Rimbalza molto tesa al Cairo la 19/a giornata dell’operazione militare israeliana ”Piombo Fuso” sulla Striscia di Gaza, con una confusa presa di posizione di Hamas, impegnato in serrate trattative al Cairo con i mediatori egiziani, che hanno fatto pensare a una possibile accettazione da parte del movimento islamico di clausole che possano portare a una vera tregua. La mattinata era stata focalizzata sul colloquio del segretario generale dell’Onu, Ban ki-Moon, con il presidente egiziano, Hosni Mubarak, dichiaratosi ”frustrato” per la mancata applicazione del cessate il fuoco. Nel pomeriggio uno sviluppo sostanzialmente positivo e’ venuto dall’annuncio dell’accettazione da parte di Hamas, almeno i rappresentanti del movimento a Gaza non sempre in accordo con quelli all’estero, della proposta egiziana per porre termine alle ostilita’. Infine in serata una conferenza stampa di alcuni rappresentanti di Hamas ha fatto capire che qualche passo avanti c’e’ stato ma che non tutto certo e’ risolto.

 Si continua comunque a trattare e proprio per questo arrivera’ domani al Cairo l’inviato del ministero della difesa israeliano Amos Ghilad. ”Noi non abbiamo divergenze con il Cairo”, ha sostenuto stasera Salah el Bardawil, del gruppo dirigente di Hamas a Gaza, durante una conferenza stampa alla quale ha partecipato anche un altro dirigente del movimento palestinese, Ayman Taha. Bardawil ha fatto capire che in realta’ la mancanza di divergenze riguarda piu’ il ‘ruolo di mediatore’ dell’Egitto che le proposte fatte da Mubarak, e ha ricordato che le richieste minime di Hamas riguardano la cessazione ”dell’aggressione israeliana”, il ritiro dell’esercito israeliano da Gaza, la riapertura dei passaggi della Striscia, ”sulla base di regole precise” e l’eliminazione definitiva del blocco.
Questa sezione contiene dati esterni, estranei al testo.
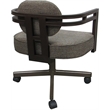 Pemberly Row Brown Frame Swivel Dining Caster Chair in Plumley Cocoa Fabric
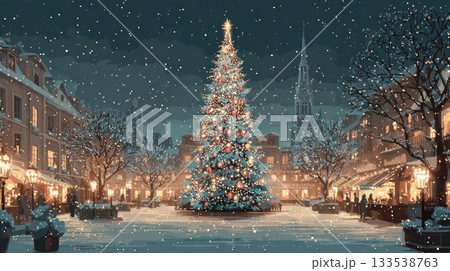 christmas tree on market in snowy winter illustration 133538763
 D’altra parte permangono i dubbi suscitati dal fatto che a parlare di intese sarebbero stati solo i tre rappresentanti di Hamas arrivati al Cairo da Gaza, mentre due di Damasco, ripartiti alla fine della mattina, non si sono pronunciati. Anzi Osama Hamdan, da Beirut, collocato in posizione piu’ vicina al capo in esilio di Hamas, Khaled Meshaal, ha rilevato che ”ci sono differenze” nelle posizioni del movimento. Incoraggianti sono invece apparsi il ministro degli esteri spagnolo, Miguel Angel Moratinos, anch’egli a colloquio oggi con Mubarak, le fonti egiziane che hanno fatto sapere che Hamas ”ha accolto” la proposta egiziana per il cessate il fuoco, e da Parigi il ministro degli esteri Bernard Kouchner, il quale ha confermato di aver un’indicazione in quel senso. Quanto a Ban ki-Moon, si era limitato a perorare la causa della tregua e la mediazione egiziana: ”Abbiamo visto tanti morti – ha detto – ; non c’e’ tempo, urge che sia fermato il fuoco, con un accordo durevole e sostenibile. Scopo della mia missione qui, anche su mandato del Consiglio di Sicurezza e’ proprio quello di ottenere un cessate il fuoco immediato, che si puo’ raggiungere anche attraverso la proposta dell’Egitto, che noi sosteniamo totalmente”.

Con un tono che e’ sembrato sottolineare l’impotenza della diplomazia internazionale e sovranazionale, rispetto alla voce delle armi, il segretario dell’Onu ha detto che ”c’e’ un uso eccessivo della forza nell’operazione israeliana, che deve essere fermato immediatamente”, aggiungendo subito dopo: ”chiaramente molti palestinesi sono stati uccisi.., ma anche israeliani sono stati uccisi e traumatizzati”. ”Frustrante” la risposta del segretario generale ad una raffica di domanda su una sua possibile visita a Gaza, e non solo a Gerusalemme ed a Ramallah (oltre che in altre capitali arabe), come aveva annunciato all’inizio della conferenza stampa: ”Ho tentato di andare a Gaza, mi sarebbe piaciuto in questo momento, ma le circostanze attuali non me lo hanno permesso”, ha ripetuto piu’ volte aggiungendo di non poter fornire dettagli ”sui contatti avuti con Israele”.